Brent later runs into Saskia, who takes the opportunity to taunt him. Angry, he strikes her and causes Saskia to fall and hit her head. Believing that he killed her, Brent hides Saskia's body in her snowboarding bag with the help of Heather, who had come across the scene. Curtis then arrives, trying to find Saskia so he can confront her over a scene she had caused the night before. Frustrated, he kicks the bag into a crevasse unaware that her body was inside. At the competition, Odette messes up during her run and paralyzing herself.

===Present===
Years later Milla has given up snowboarding and is living a far from glamorous life. She's excited when she receives an invitation to a get together at the very lodge where the competition took place many years before. Once there she is reunited with Curtis, Heather, Dale, and Brent, learning that Heather and Dale have since married. The reunion is awkward, so they eagerly take part in an icebreaker game that requires them to relinquish their phones and read off cards that have various truths written on them. Things grow tense when the cards include information about Saskia's death and her sleeping with one of them. The group discovers that their phones have been stolen and that they are now trapped at the resort. An unseen person torments the group and eventually begins to grow menacing.
It's ultimately revealed that the aggressor is Odette, who had recovered and had even become a biathlete - something undiscovered by the others as they had purposely avoided trying to learn anything about her out of guilt. Odette correctly assumed that the group was responsible for Saskia's death, but thought that she had been purposefully murdered rather than killed accidentally. She had also assumed that Saskia was in love with her, unaware that Saskia only saw her as a plaything and an opponent to sabotage. The truth breaks Odette's remaining sanity. Curtis and Milla manage to survive the attack and become a couple. Milla keeps the knowledge of having drugged her water a secret and questions whether or not Brent would have been able to attack Saskia if she were not altered.

==Development==
Reynolds began writing Shiver as a way of working from home, as her then husband frequently worked away. She chose to set the novel on a mountain as she was "obsessed with this icy white world on top of a mountain where everything depends on nature and the weather. There are all these dangers. It's a thrill-seeking world."

==Release==
Shiver was released in hardback and ebook formats in the United Kingdom on 19 January 2021 and in the United States on 21 January through Headline and G.P. Putnam's Sons, respectively. Hachette Australia released the novel on 27 January. An audiobook adaptation narrated by Olivia Vinall was also released.

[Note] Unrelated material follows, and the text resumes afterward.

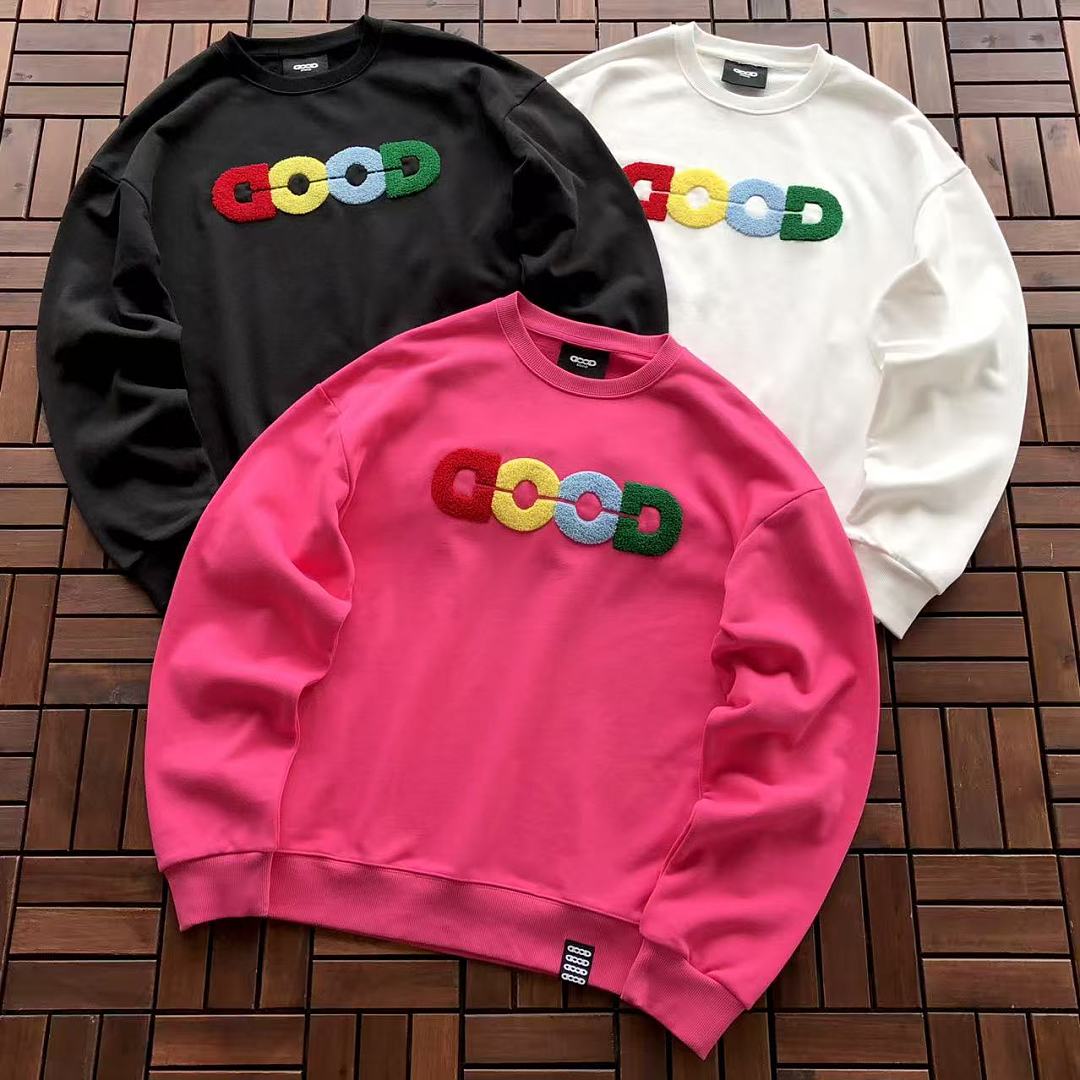 Other ~189 GO🔥DBR🔥🔥D SWEATER 55082601 (Im 185CM 70KG Iwear Size S In The Photo), photo 1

The novel has been translated into multiple languages that include French, German, and Polish.

==Adaptation==
TV rights for Shiver were optioned in 2019 by Firebird Pictures, prior to the novel's release. Elizabeth Kilgarriff and Craig Holleworth plan to adapt it into a television series.

==Reception==

Critical reception has been positive. Canberra Weekly and HeraldScotland both gave Shiver positive reviews. PopSugar rated the novel favorably, listing it as one of the "22 Greatest Mystery and Thrillers of 2021".